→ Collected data
BEGIN

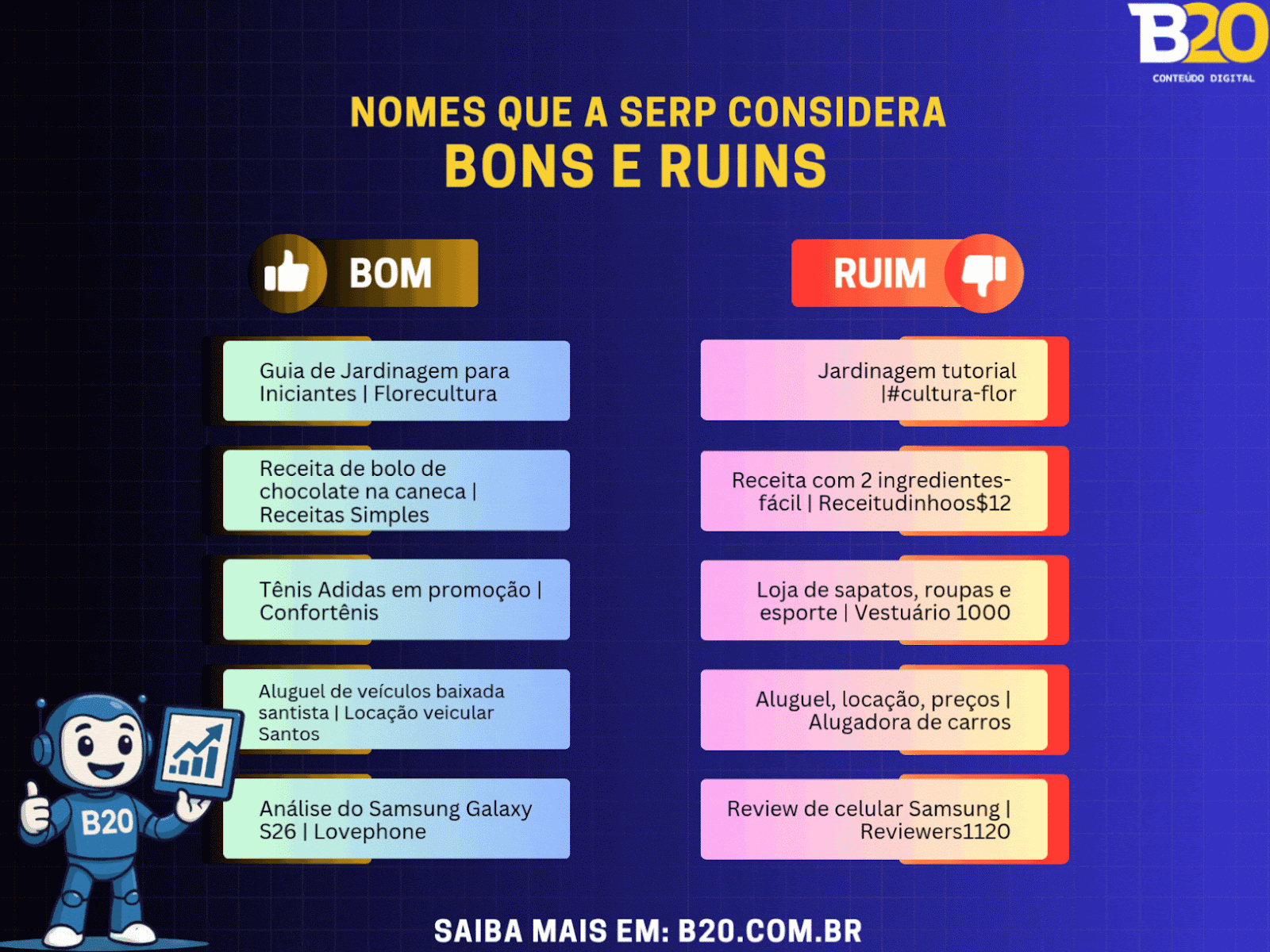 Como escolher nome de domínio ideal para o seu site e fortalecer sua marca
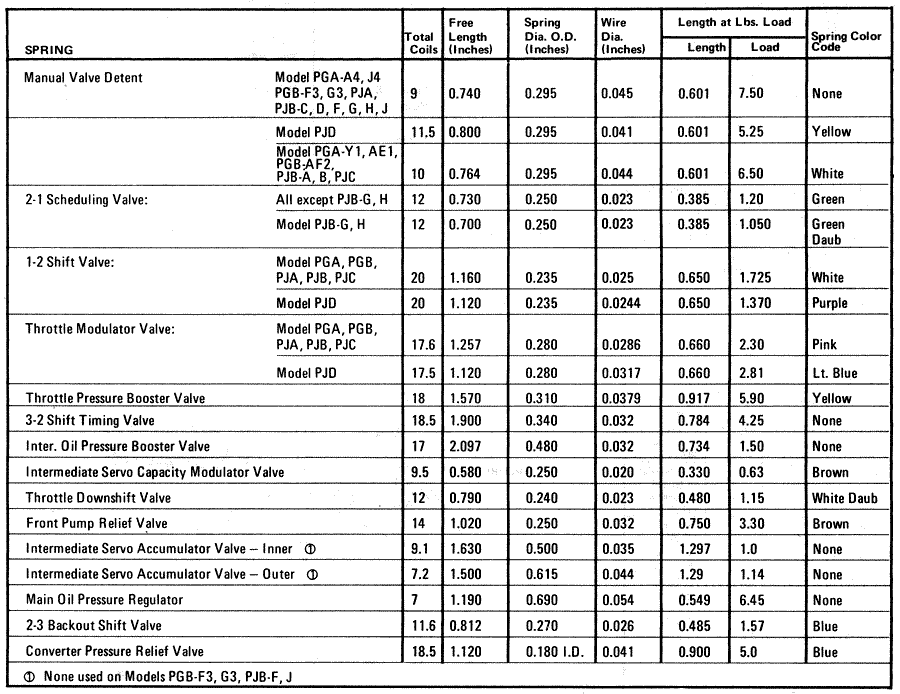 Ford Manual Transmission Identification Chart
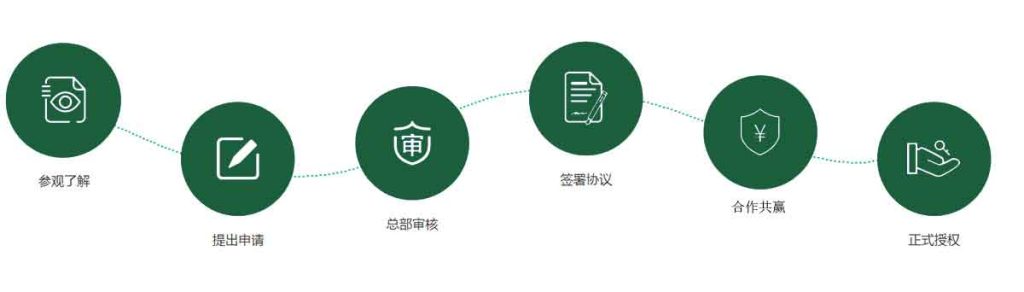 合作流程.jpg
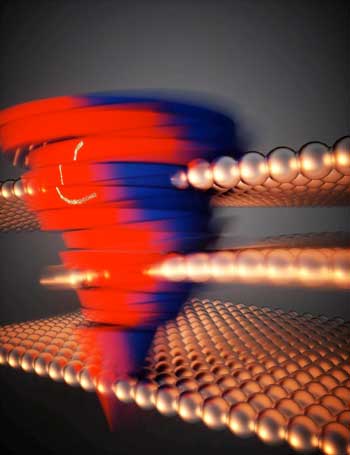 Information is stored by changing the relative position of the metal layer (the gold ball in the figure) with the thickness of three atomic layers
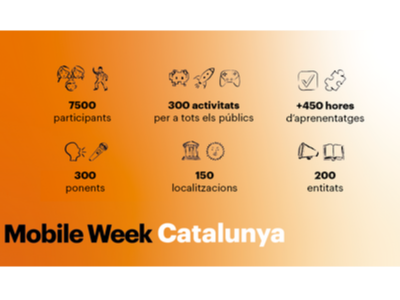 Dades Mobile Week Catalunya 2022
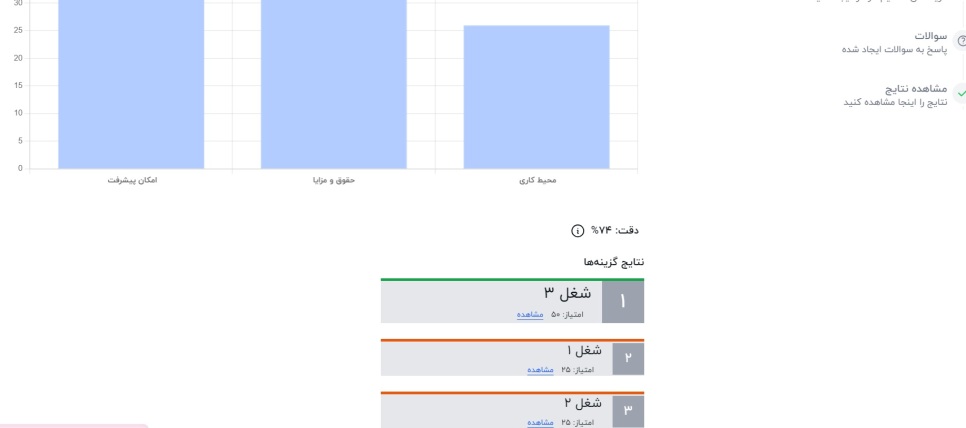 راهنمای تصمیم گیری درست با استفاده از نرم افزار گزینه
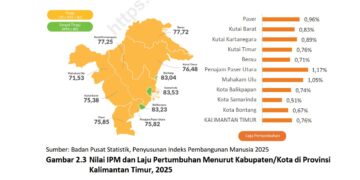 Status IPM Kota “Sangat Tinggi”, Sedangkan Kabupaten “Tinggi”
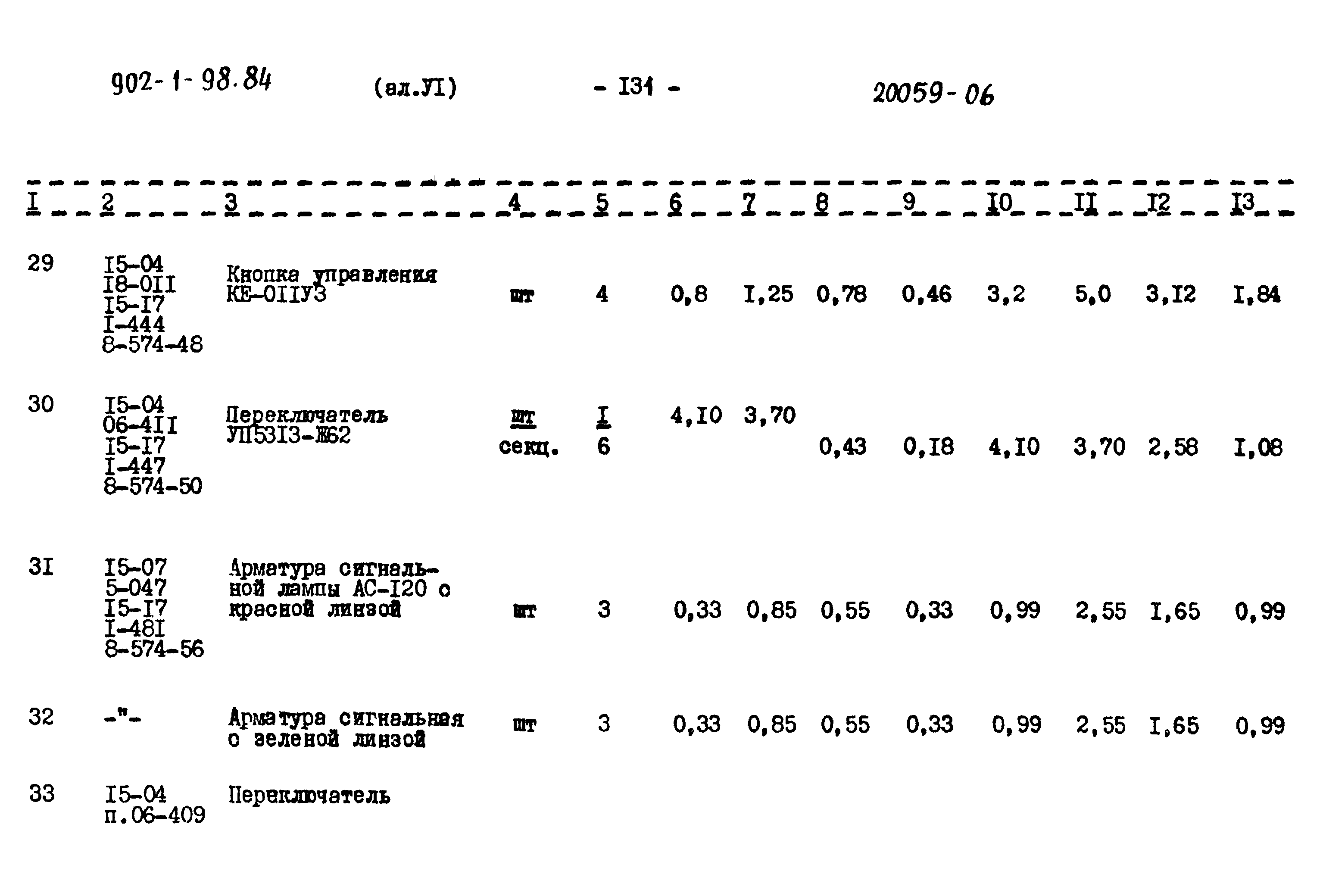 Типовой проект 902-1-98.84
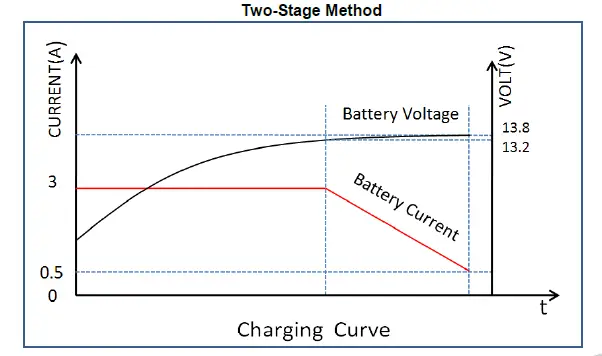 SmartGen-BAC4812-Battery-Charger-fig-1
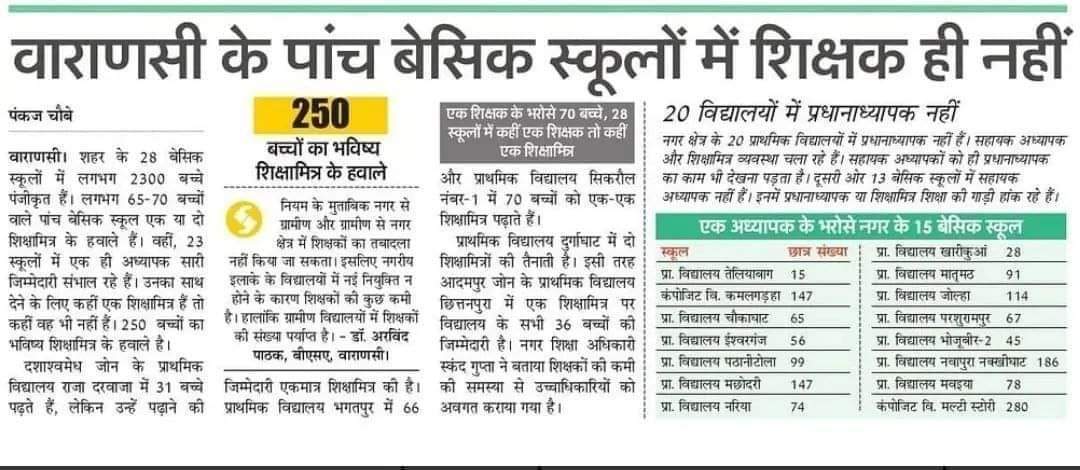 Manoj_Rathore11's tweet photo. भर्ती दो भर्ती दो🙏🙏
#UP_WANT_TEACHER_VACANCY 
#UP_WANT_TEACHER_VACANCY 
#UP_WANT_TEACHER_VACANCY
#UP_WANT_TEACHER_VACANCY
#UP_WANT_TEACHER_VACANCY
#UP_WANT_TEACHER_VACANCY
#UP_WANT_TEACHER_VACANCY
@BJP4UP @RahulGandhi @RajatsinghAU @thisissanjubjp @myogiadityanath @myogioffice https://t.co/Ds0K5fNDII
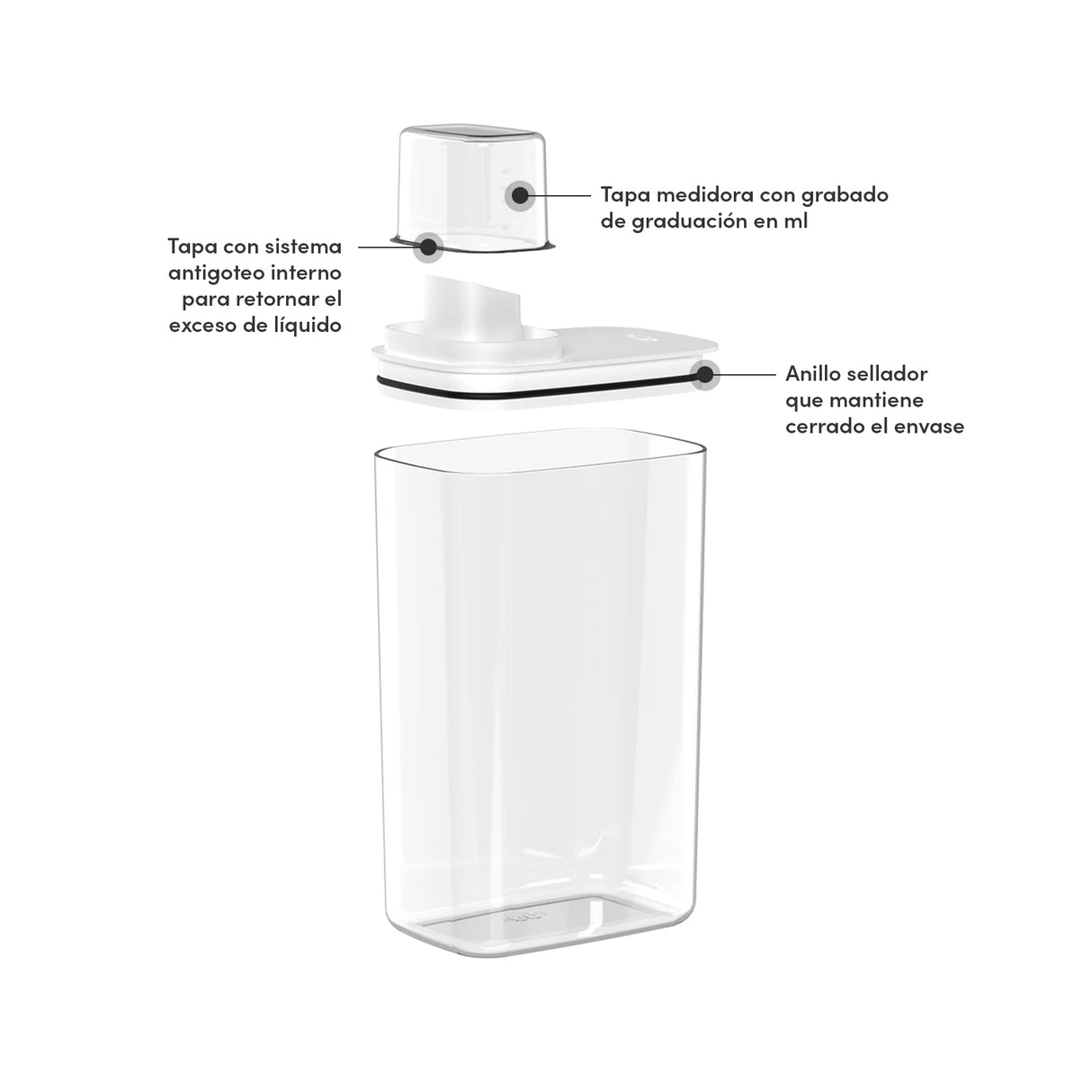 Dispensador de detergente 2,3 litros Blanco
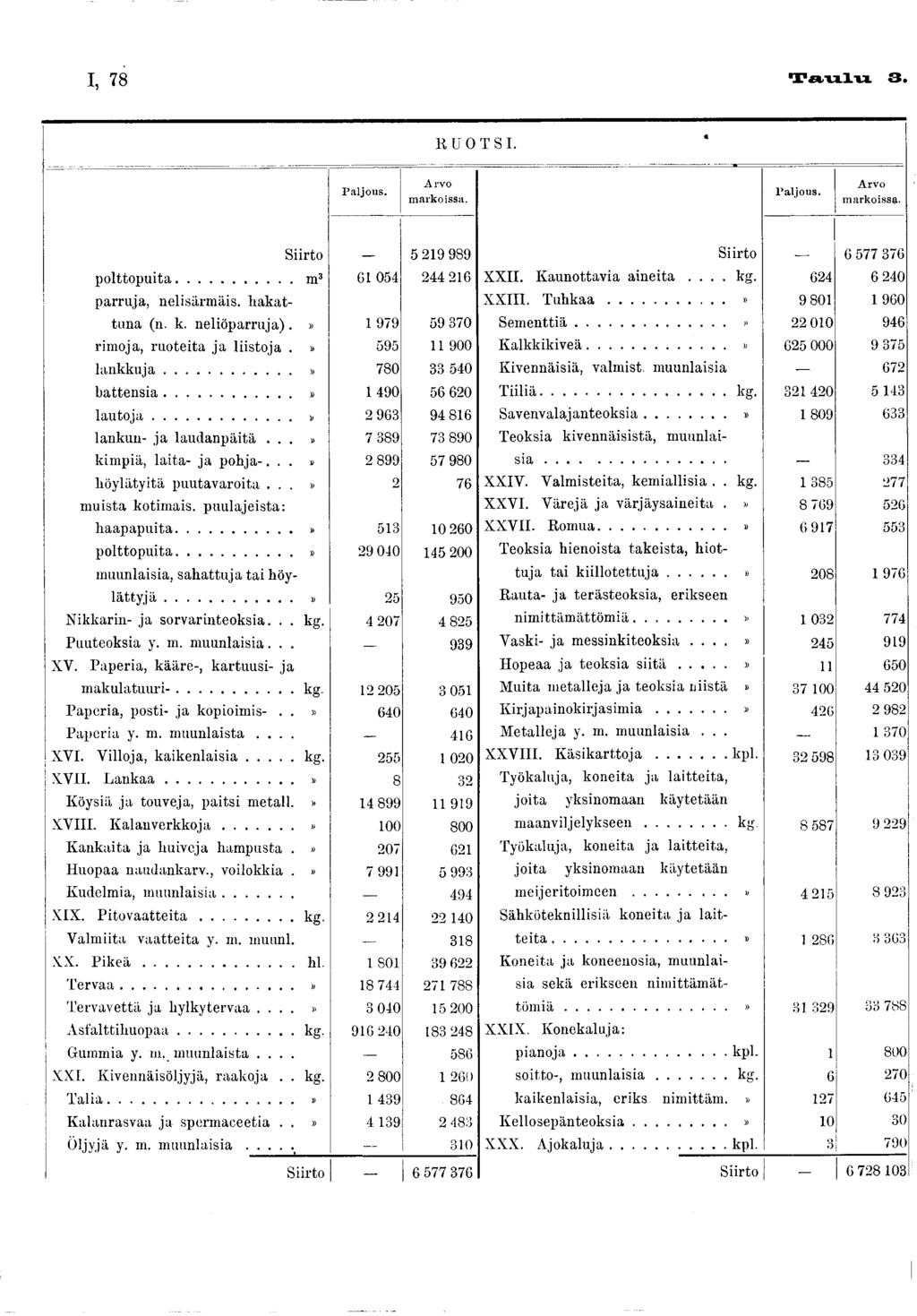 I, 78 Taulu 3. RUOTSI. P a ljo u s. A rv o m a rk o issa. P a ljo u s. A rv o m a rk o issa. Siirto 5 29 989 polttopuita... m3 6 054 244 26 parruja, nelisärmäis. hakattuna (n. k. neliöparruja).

END

Output all entries unchanged; skip the pictures.

→ Answer box
 Como escolher nome de domínio ideal para o seu site e fortalecer sua marca
 Ford Manual Transmission Identification Chart
 合作流程.jpg
 Information is stored by changing the relative position of the metal layer (the gold ball in the figure) with the thickness of three atomic layers
 Dades Mobile Week Catalunya 2022
 راهنمای تصمیم گیری درست با استفاده از نرم افزار گزینه
 Status IPM Kota “Sangat Tinggi”, Sedangkan Kabupaten “Tinggi”
 Типовой проект 902-1-98.84
 SmartGen-BAC4812-Battery-Charger-fig-1
 Manoj_Rathore11's tweet photo. भर्ती दो भर्ती दो🙏🙏
#UP_WANT_TEACHER_VACANCY 
#UP_WANT_TEACHER_VACANCY 
#UP_WANT_TEACHER_VACANCY
#UP_WANT_TEACHER_VACANCY
#UP_WANT_TEACHER_VACANCY
#UP_WANT_TEACHER_VACANCY
#UP_WANT_TEACHER_VACANCY
@BJP4UP @RahulGandhi @RajatsinghAU @thisissanjubjp @myogiadityanath @myogioffice https://t.co/Ds0K5fNDII
 Dispensador de detergente 2,3 litros Blanco
 I, 78 Taulu 3. RUOTSI. P a ljo u s. A rv o m a rk o issa. P a ljo u s. A rv o m a rk o issa. Siirto 5 29 989 polttopuita... m3 6 054 244 26 parruja, nelisärmäis. hakattuna (n. k. neliöparruja).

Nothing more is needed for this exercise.